----- Data -----

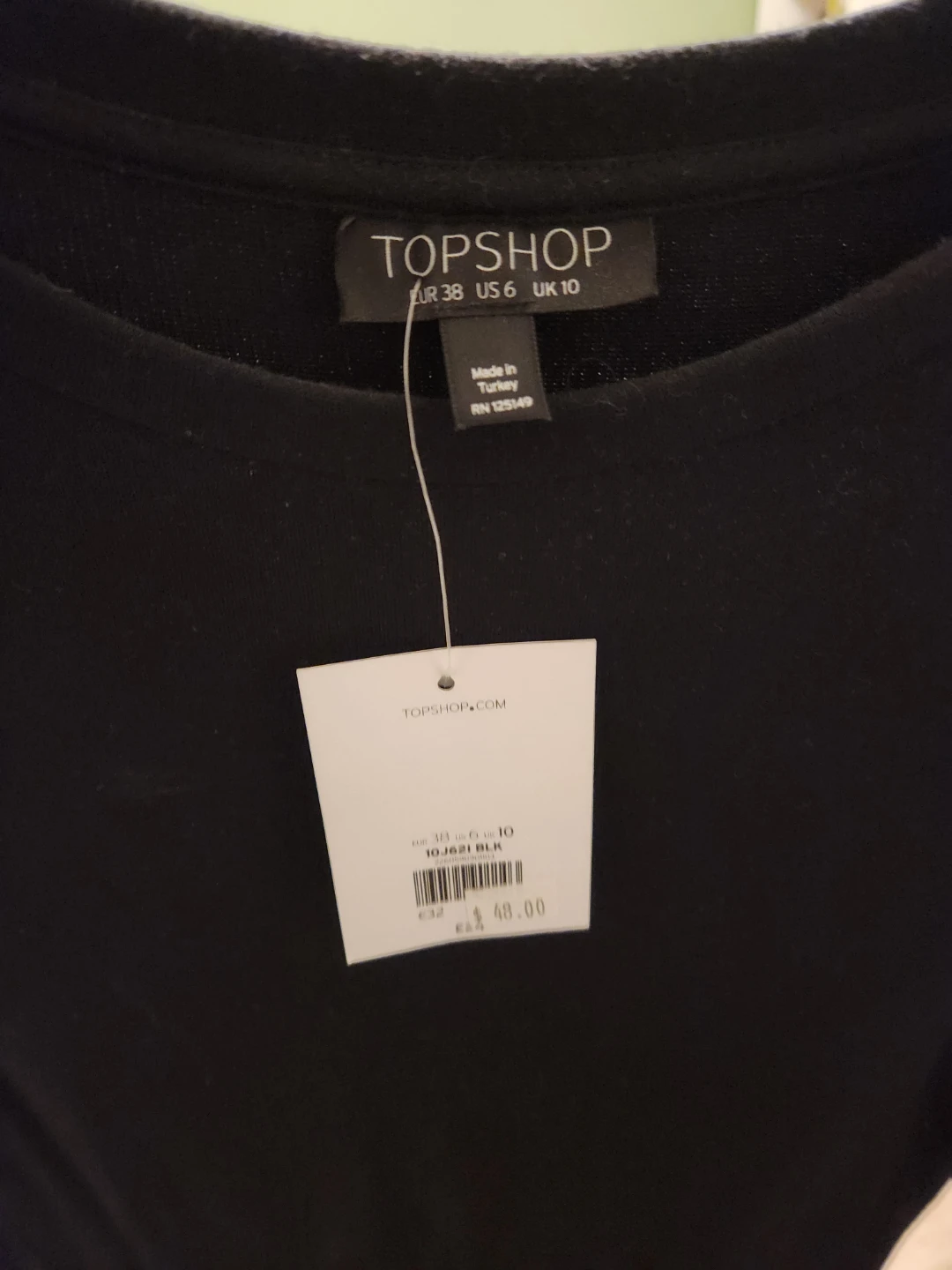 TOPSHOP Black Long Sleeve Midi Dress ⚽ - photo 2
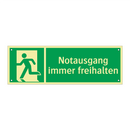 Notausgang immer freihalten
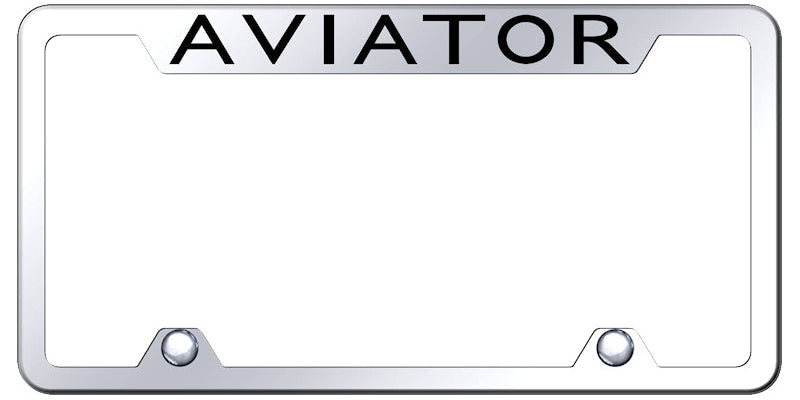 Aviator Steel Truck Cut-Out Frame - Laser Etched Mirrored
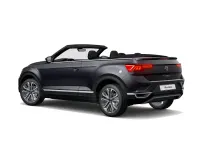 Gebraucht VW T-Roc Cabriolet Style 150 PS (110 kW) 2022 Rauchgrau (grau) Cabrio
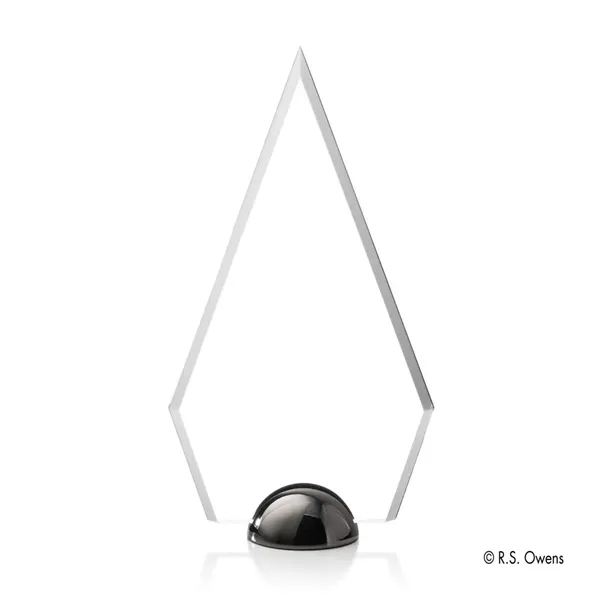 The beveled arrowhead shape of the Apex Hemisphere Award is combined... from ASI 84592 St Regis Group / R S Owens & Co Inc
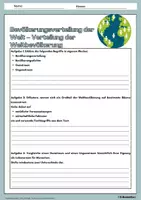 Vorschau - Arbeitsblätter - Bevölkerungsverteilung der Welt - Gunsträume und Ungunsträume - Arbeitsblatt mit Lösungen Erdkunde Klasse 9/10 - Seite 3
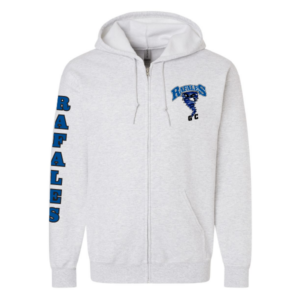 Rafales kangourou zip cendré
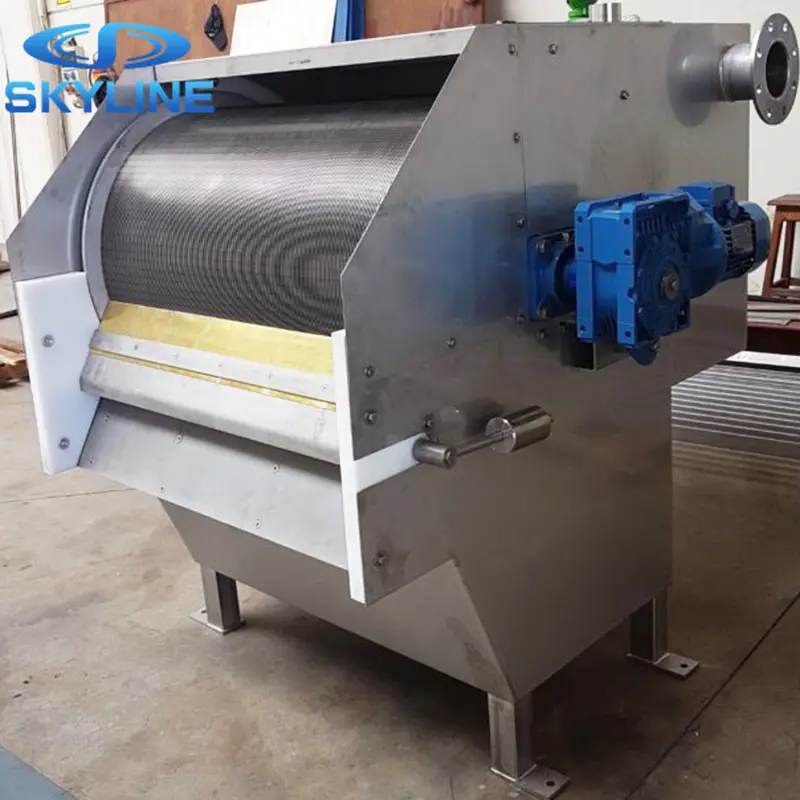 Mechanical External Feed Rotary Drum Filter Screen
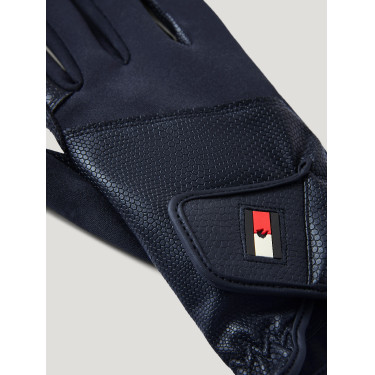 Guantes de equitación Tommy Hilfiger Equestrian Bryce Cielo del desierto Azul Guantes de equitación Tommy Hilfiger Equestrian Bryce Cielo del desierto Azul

-----

## Problem to solve
Please output, exactly and with no pictures, only the lines from the one containing "Mechanical External Feed" through the final line of the records above.

## Expected answer
 Mechanical External Feed Rotary Drum Filter Screen
 Guantes de equitación Tommy Hilfiger Equestrian Bryce Cielo del desierto Azul Guantes de equitación Tommy Hilfiger Equestrian Bryce Cielo del desierto Azul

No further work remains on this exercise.